BEGIN THE INPUT
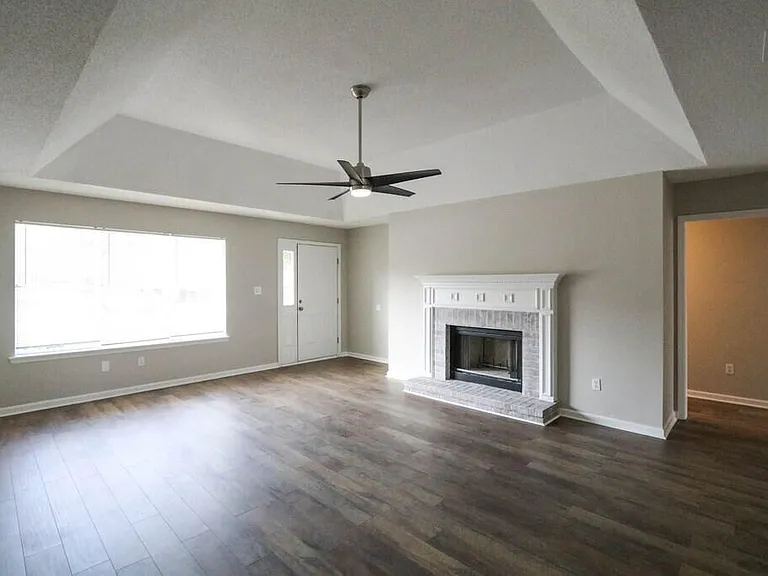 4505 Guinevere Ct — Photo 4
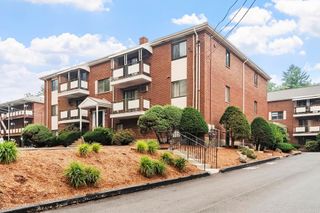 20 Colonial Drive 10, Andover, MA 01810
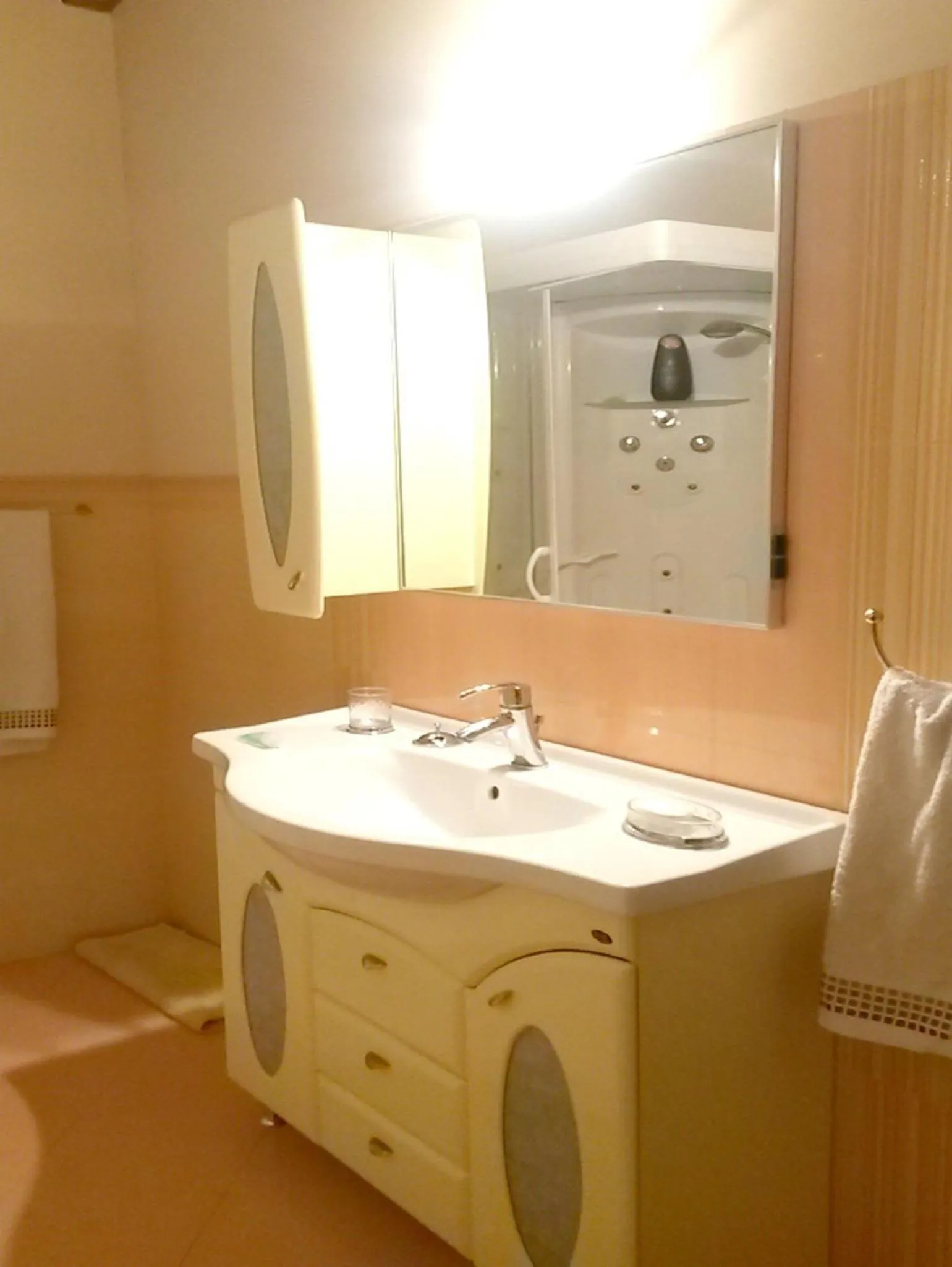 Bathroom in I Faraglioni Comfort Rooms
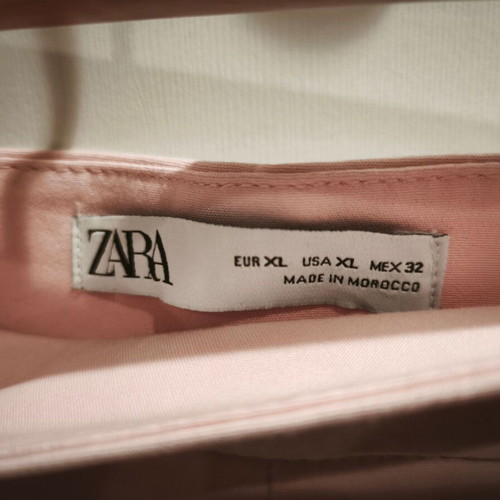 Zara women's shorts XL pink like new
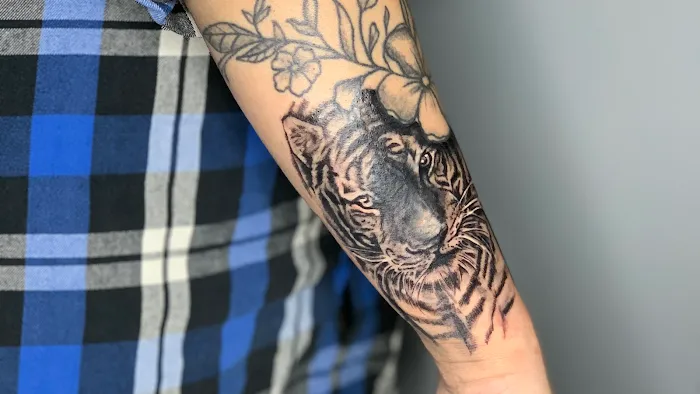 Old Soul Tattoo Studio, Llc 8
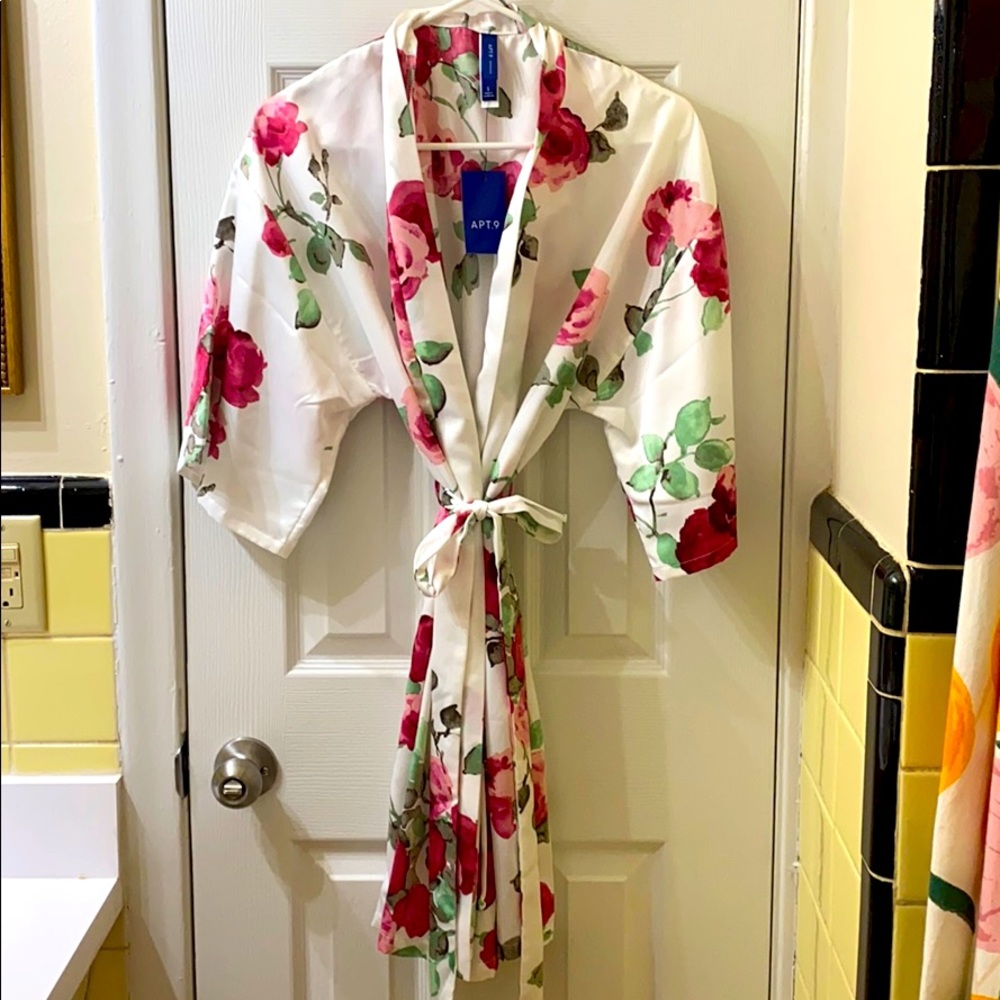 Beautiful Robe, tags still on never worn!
END THE INPUT
BEGIN THE INPUT
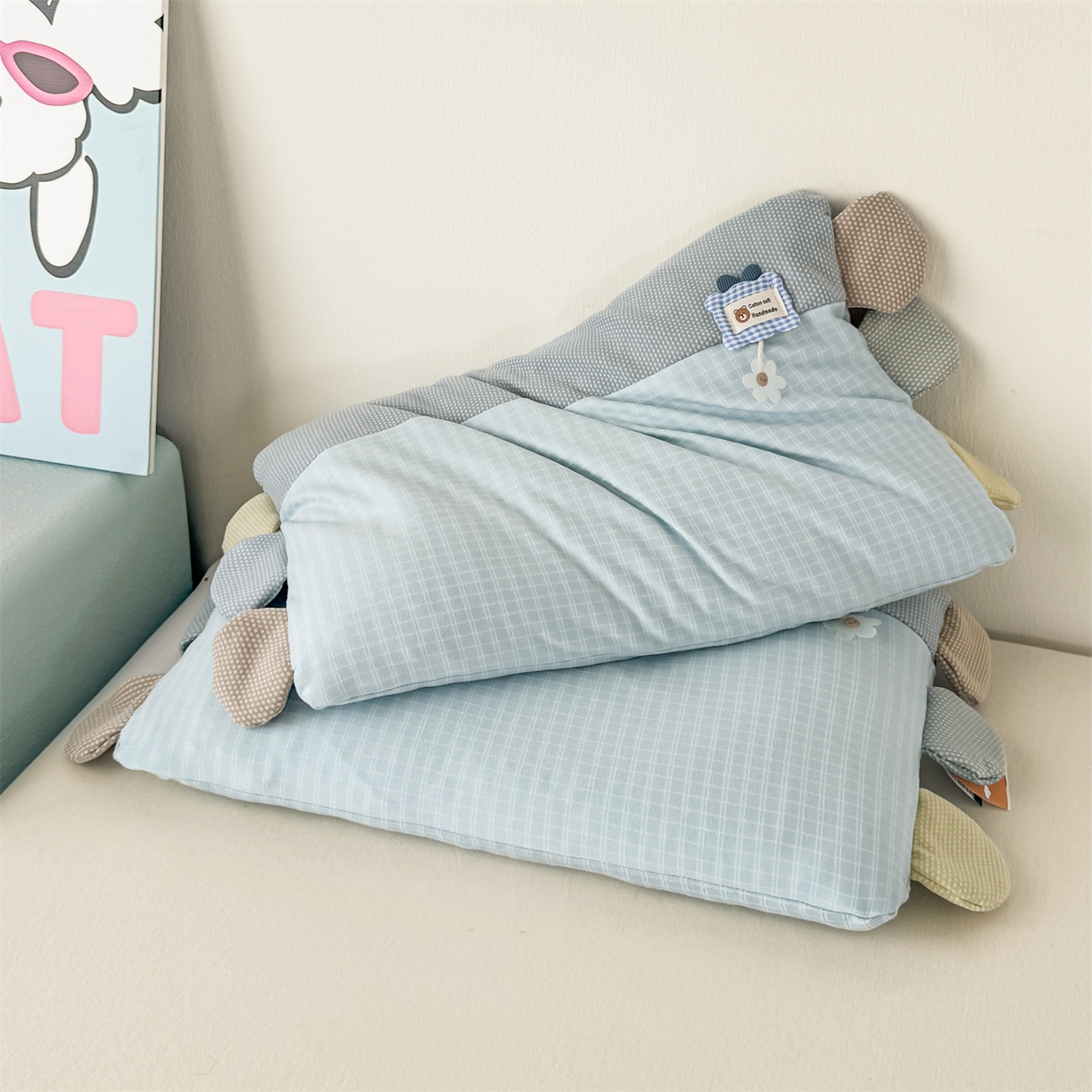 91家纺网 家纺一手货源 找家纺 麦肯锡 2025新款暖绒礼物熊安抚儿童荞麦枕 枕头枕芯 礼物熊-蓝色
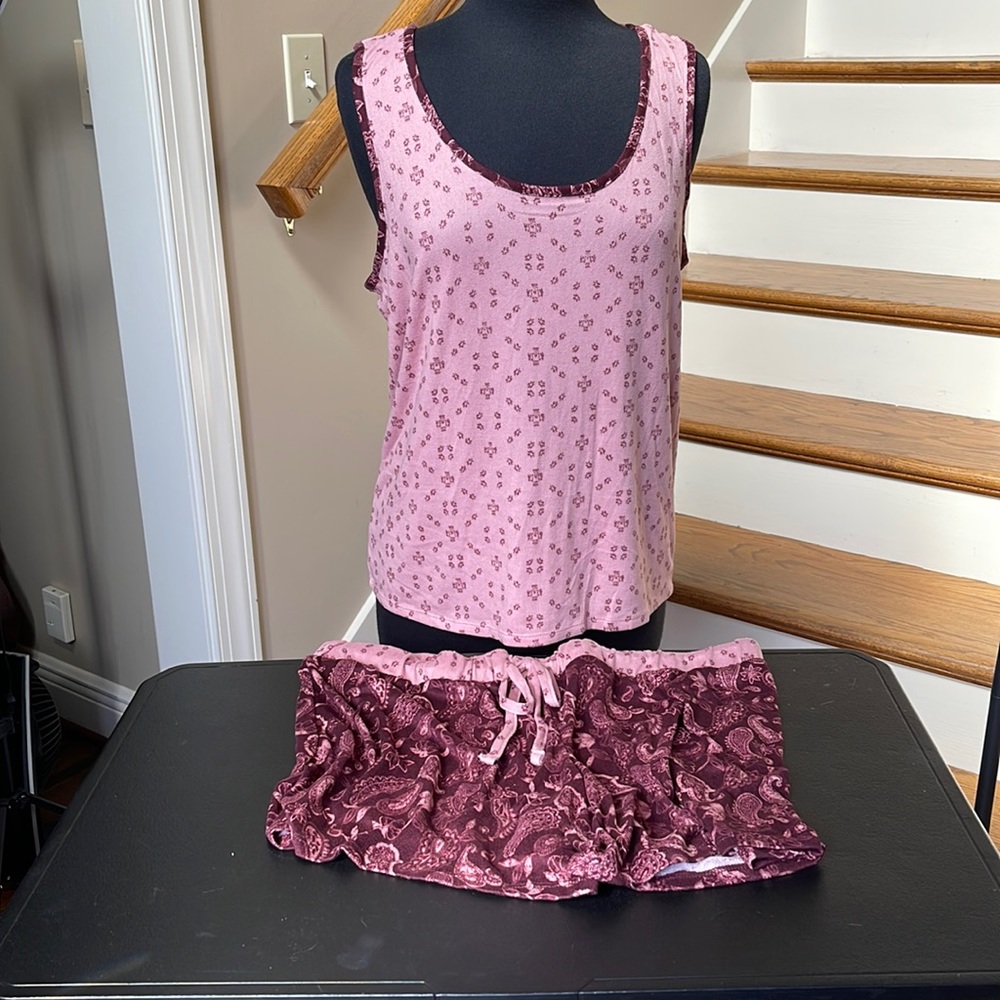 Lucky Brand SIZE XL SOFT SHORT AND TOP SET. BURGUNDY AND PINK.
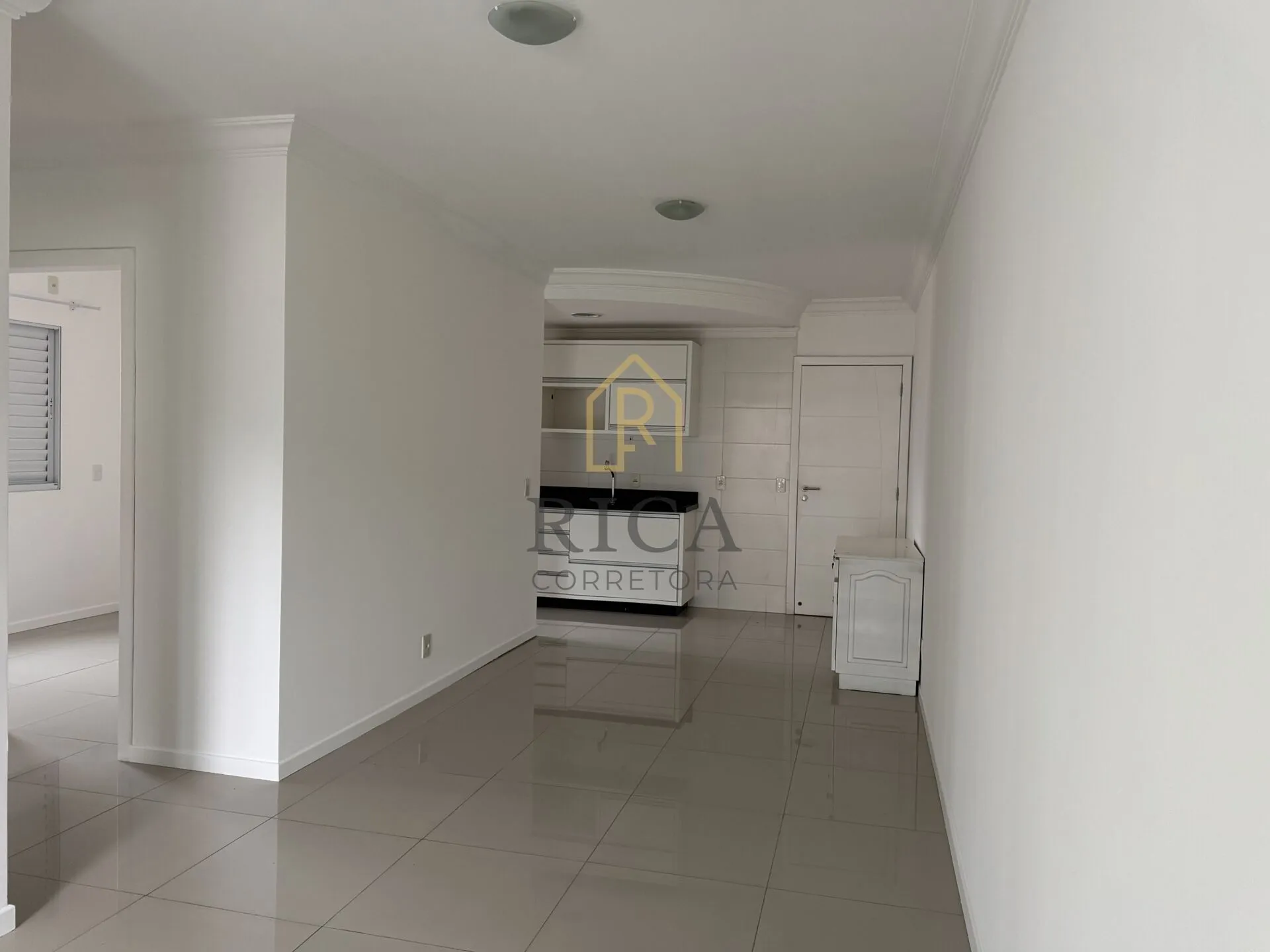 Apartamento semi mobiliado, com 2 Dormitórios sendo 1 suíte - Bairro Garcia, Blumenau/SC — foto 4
END THE INPUT
(AIM OF THE TASK) Exactly reproduce the lines above, starting at the one that contains "4505 Guinevere Ct — Photo 4" and ending at the one that contains "Beautiful Robe, tags still on never worn!", both inclusive; leave the pictures out and add no other lines.

(OUTPUT OF THE EXERCISE)
 4505 Guinevere Ct — Photo 4
 20 Colonial Drive 10, Andover, MA 01810
 Bathroom in I Faraglioni Comfort Rooms
 Zara women's shorts XL pink like new
 Old Soul Tattoo Studio, Llc 8
 Beautiful Robe, tags still on never worn!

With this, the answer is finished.